The opening of the album is where listeners are introduced to a short and sweet intro called “Cannonball.” Lavigne’s fiery vocals and fast instrumental pace make the track sound like you’ve been transported back to the beginning of the 2000s, topping it off with the same vengeful tone that the singer has never let go of. This track is Lavigne’s redemption from all the people who have hurt her, comparing herself to a “ticking time bomb.” Obviously, her emotions get the best of her and she can explode when the feelings of anger and frustration are bottled up for too long, explaining the “Cannonball” title.

Shortly after, “Bois Lie ft.
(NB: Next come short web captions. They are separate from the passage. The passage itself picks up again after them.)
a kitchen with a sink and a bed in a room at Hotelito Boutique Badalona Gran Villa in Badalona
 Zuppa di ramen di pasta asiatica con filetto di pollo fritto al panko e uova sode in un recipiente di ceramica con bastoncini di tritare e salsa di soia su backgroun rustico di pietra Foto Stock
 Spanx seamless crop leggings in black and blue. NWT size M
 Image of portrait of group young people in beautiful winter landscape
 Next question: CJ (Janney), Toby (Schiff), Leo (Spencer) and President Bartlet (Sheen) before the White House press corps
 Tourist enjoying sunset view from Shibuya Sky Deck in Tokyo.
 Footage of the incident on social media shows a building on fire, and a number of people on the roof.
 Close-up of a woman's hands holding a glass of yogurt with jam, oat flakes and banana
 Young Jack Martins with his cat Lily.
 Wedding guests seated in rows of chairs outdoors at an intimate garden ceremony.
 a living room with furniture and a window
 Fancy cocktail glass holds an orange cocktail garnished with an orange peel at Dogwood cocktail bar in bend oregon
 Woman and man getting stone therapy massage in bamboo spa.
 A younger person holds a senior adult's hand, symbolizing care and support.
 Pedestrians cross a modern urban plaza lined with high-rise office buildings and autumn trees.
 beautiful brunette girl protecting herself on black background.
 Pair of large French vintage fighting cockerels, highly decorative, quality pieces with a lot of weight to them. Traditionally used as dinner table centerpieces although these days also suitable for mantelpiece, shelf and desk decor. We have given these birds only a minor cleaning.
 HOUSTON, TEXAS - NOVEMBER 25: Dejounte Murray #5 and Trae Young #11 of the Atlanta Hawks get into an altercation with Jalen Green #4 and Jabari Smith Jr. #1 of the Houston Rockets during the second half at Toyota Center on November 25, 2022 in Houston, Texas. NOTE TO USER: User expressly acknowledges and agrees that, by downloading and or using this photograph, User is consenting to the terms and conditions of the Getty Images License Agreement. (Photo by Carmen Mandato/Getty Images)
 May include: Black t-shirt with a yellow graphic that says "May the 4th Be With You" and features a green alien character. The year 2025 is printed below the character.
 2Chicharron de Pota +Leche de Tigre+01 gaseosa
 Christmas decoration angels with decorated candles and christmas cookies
Machine Gun Kelly” is a sucker punch to all the lovers who have lied to Lavigne in the past, creating the perfect comeback track. It’s a track full of questions and the singer losing her patience, which is evident through the constant wailing and shouting. MGK and Lavigne’s voices mix well together, making this a strong duet. This song is one that you could bang your head along to.

“Bite Me” is the feminist anthem that fans have being yearning for for years from Lavigne. The vocals are stunning and pierce right through the heart of whoever backstabbed her to make the song possible. She warns this person not to mess with her and calls them out for their actions. Interestingly, Lavigne is facing the reality of what this relationship really was by providing listeners with an honest and raw take on what being disloyal entails. 

The next few tracks blur into the background as they all use pretty same-y instrumentals and lyrical themes of betrayal and heartbreak, which fail to showcase Lavigne’s amazing range and poetic nature usually within her songs. Luckily, the second half of the album saves the singer from totally losing the magic within her music.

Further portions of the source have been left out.